*** AVAILABLE RECORDS ***

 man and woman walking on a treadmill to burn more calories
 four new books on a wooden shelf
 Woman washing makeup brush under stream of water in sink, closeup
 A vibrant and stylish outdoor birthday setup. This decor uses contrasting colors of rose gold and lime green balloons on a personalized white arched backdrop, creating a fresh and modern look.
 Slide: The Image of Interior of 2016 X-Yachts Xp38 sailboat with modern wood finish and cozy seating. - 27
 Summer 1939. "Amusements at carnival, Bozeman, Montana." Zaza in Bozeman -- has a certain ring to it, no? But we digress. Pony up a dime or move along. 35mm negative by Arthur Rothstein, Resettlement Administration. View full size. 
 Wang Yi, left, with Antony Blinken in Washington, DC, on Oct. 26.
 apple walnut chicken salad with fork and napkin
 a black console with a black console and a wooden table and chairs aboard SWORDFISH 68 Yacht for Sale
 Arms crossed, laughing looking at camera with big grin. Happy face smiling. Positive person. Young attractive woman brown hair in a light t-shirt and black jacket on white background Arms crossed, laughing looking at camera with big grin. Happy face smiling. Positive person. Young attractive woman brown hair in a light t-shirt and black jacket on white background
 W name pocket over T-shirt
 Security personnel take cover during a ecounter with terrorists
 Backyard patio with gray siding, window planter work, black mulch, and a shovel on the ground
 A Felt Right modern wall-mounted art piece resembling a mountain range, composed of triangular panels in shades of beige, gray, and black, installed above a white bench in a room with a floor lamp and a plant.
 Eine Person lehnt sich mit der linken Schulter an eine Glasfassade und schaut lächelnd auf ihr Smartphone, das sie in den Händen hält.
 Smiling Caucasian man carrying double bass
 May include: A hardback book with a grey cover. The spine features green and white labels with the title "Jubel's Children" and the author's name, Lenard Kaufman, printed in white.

*** End of AVAILABLE RECORDS ***

EXERCISE PROMPT: Only the lines from the one containing "Backyard patio with" through the last line of the records belong in the answer, each written out exactly.

RESPONSE TO THIS TASK:
 Backyard patio with gray siding, window planter work, black mulch, and a shovel on the ground
 A Felt Right modern wall-mounted art piece resembling a mountain range, composed of triangular panels in shades of beige, gray, and black, installed above a white bench in a room with a floor lamp and a plant.
 Eine Person lehnt sich mit der linken Schulter an eine Glasfassade und schaut lächelnd auf ihr Smartphone, das sie in den Händen hält.
 Smiling Caucasian man carrying double bass
 May include: A hardback book with a grey cover. The spine features green and white labels with the title "Jubel's Children" and the author's name, Lenard Kaufman, printed in white.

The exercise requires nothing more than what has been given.